I remember sitting in SM class and being told to be prepared for anything and to be flexible. Boy, I never would’ve guessed that that would have included fighting rain forest fires. Philippians 4:13 has an all new meaning. Yes. I can do all things – give shots, pull teeth, be a triage nurse, put out fires, preach in Spanish, and more – but only through Christ who gives me the strength.

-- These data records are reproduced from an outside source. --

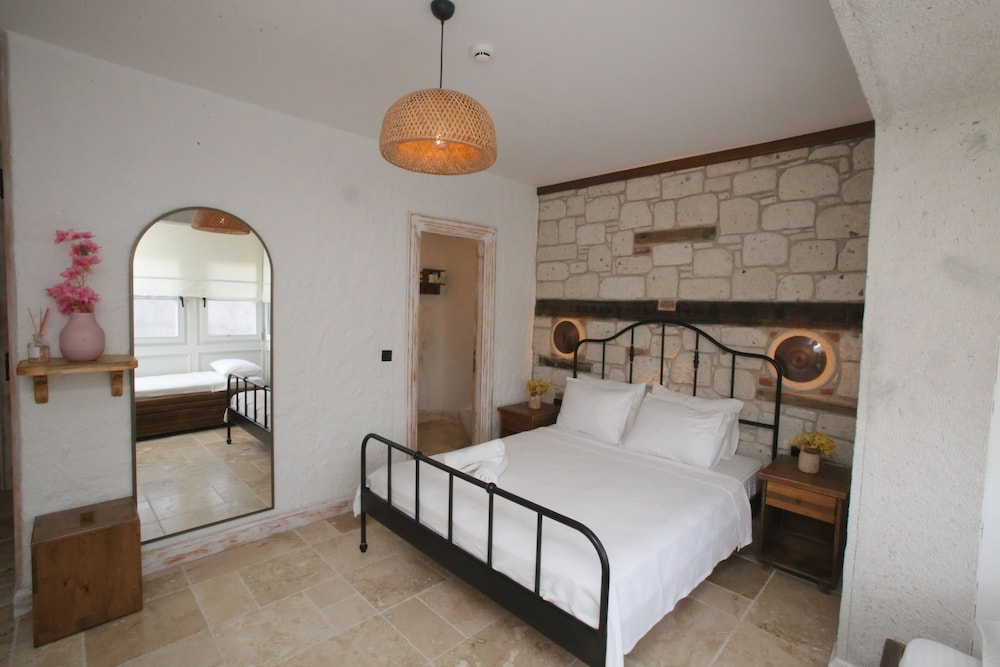 Alaçatı Taş Otel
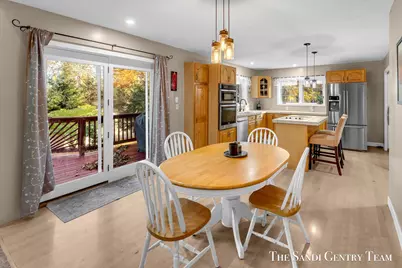 1020 Brookway Court, Norton Shores, MI 49441 - Photo 11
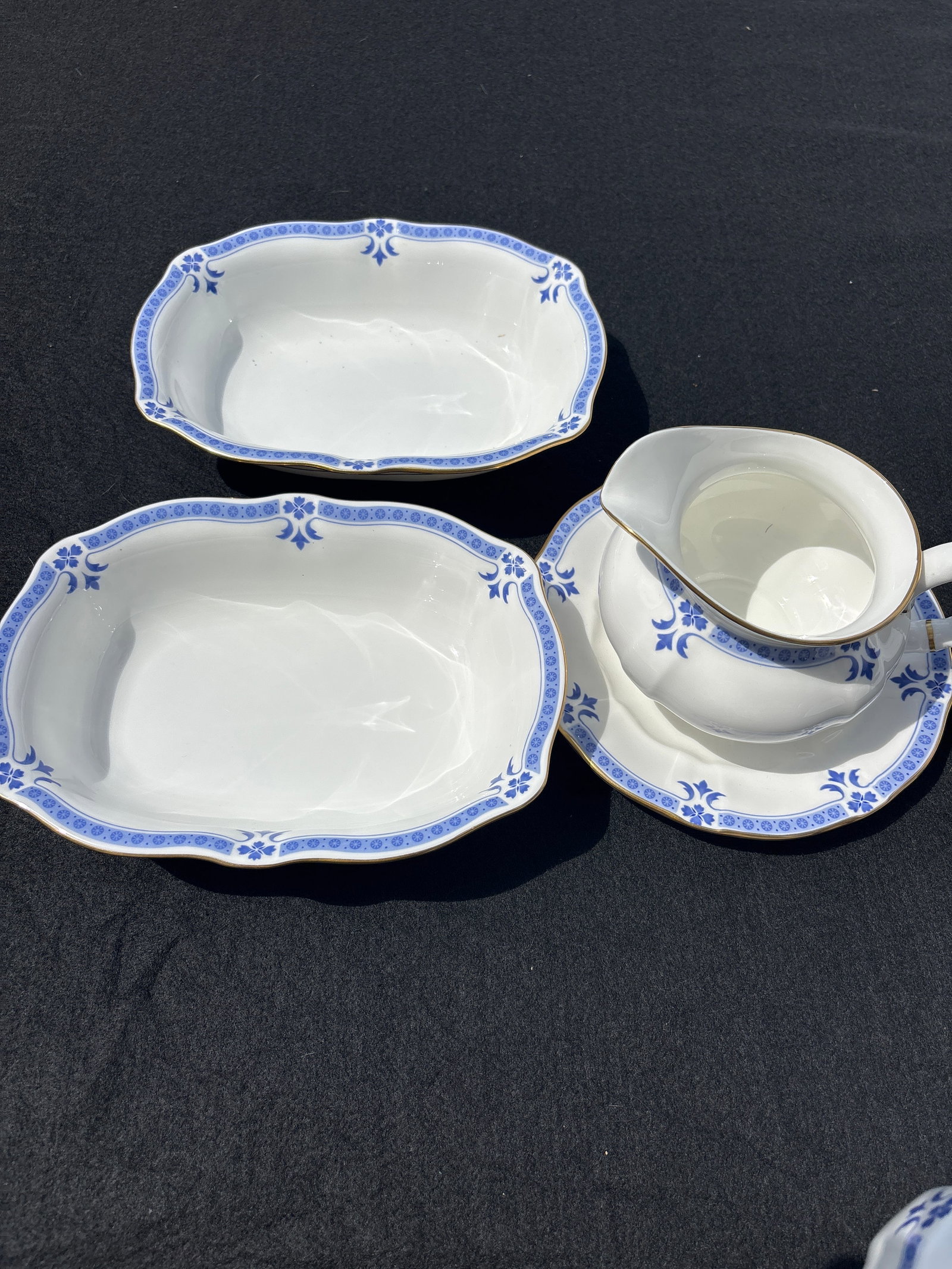 Four First quality Royal Crown Derby "Grenville" pattern gravy, underplate & 2 veggie bowls (1 of 6)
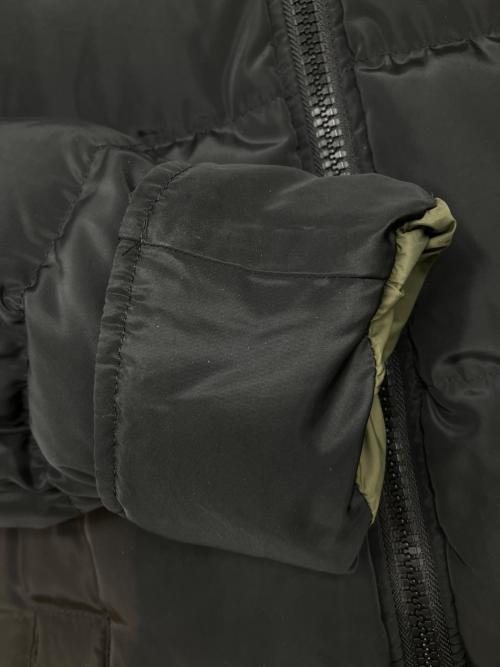 DIESEL（ディーゼル）DIESEL (ディーゼル) ダウンジャケット ブラック×カーキ サイズ:Ｍの古着・服飾アイテム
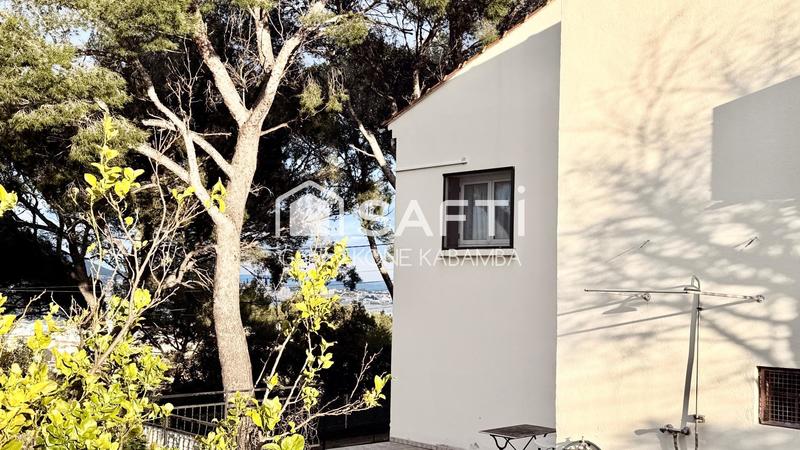 Maison - 122 m² - 7 pièces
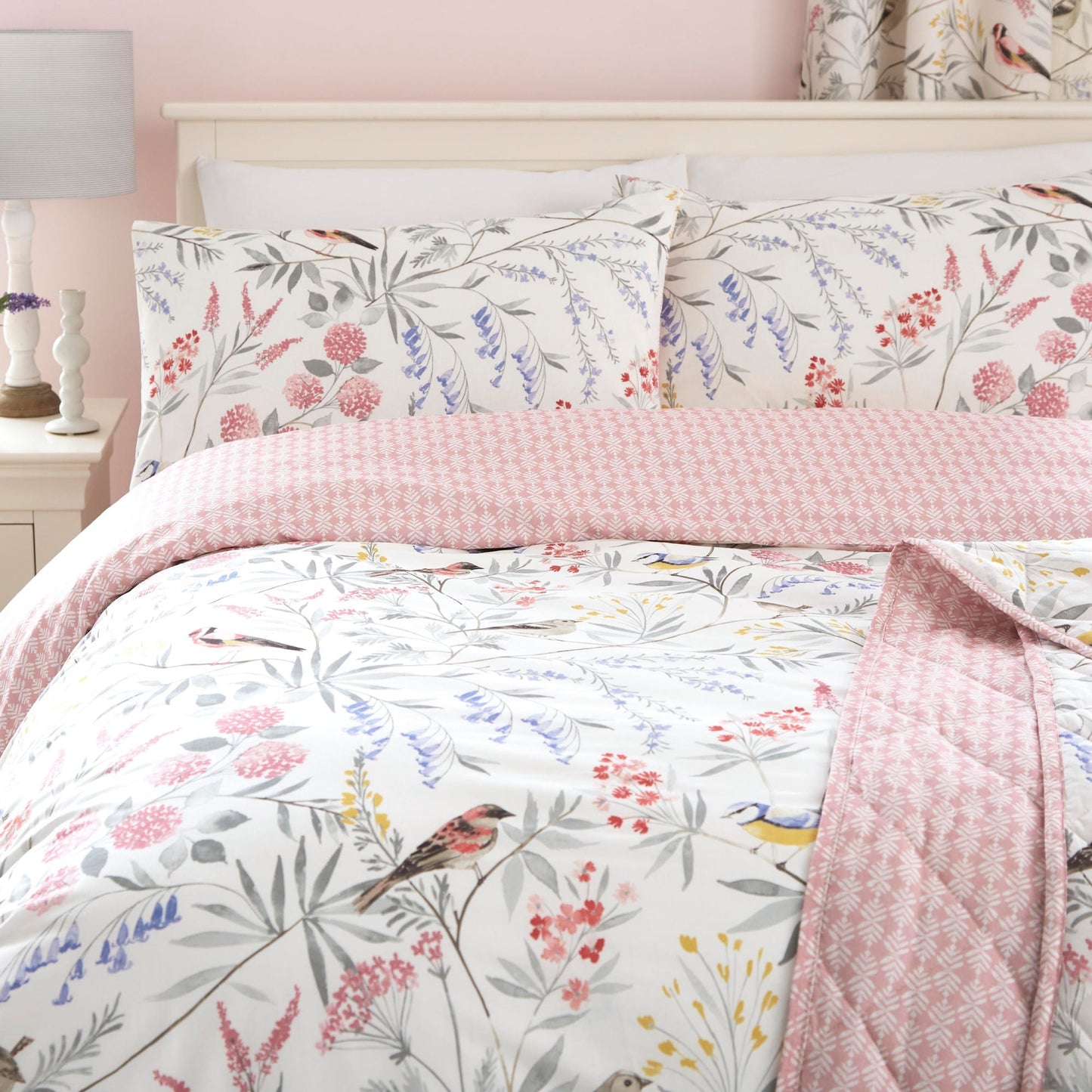 Caraway Duvet Cover Set in Pink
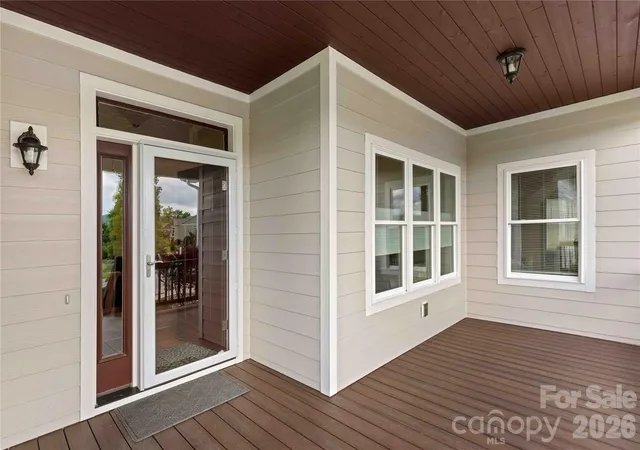4th image of 806 Blacksmith Run Dr, Hendersonville, NC 28792 | MLS# 4360662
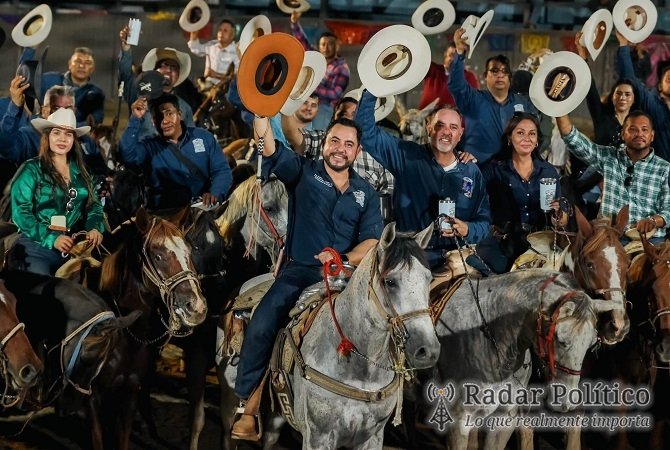 Encabeza Christian Agúndez Gómez tradicional cabalgata de las Fiestas de Cabo San Lucas 2026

Just a teaser: We’re leaving tomorrow for a 4-day clinic up the Amazon river. We’re going to be going to different little villages and passing out meds, performing surgeries, and pulling teeth. It’s going to be a real adventure. I’ve heard stories about mosquitoes the size of hippos. Oh yes, a real adventure. We’re going to be eating rice, beans, fish, and fruit. I’ll probably get diarrhea. 


Pienso que yo hablo como una niƱa chiquita. Sometimes I think that the locals just look at me and decide to rattle something off in Spanish just to laugh at my blank face. I’ve been smiling a lot. And nodding. I like talking with kids because they actually help me. There are these two little boys in particular – Gian Pier and Alex. They live here at the base in a little house with their dad, Hector. Their mom died a year or two ago. Gian Pier is 10 and Alex is 8. They are the most precious boys ever. One morning the first week I was here, while I was supposed to be doing something else, I went on a fruit scavenger hunt with those little boys. They taught me all the names of the local fruits and we just spent the morning laughing, climbing trees, and eating to our hearts’ content. One morning Gian Pier surprised me with a big tropical orange flower. He walked up all shyly, went around behind me and just threw the flower in my hair. During church Alex usually lies down on the wooden pew and sleeps on my lap. He also always asks if he can have a drink from my water bottle. And then he drinks all of it with a little grin. Whenever I sit down, he wiggles his way and his dirty little feet onto my lap. He stole my jugo de durzana after I had only had one sip. The point is: I’m never going to be able to leave these boys.

Oh, Peru.

You and your people have stolen my heart.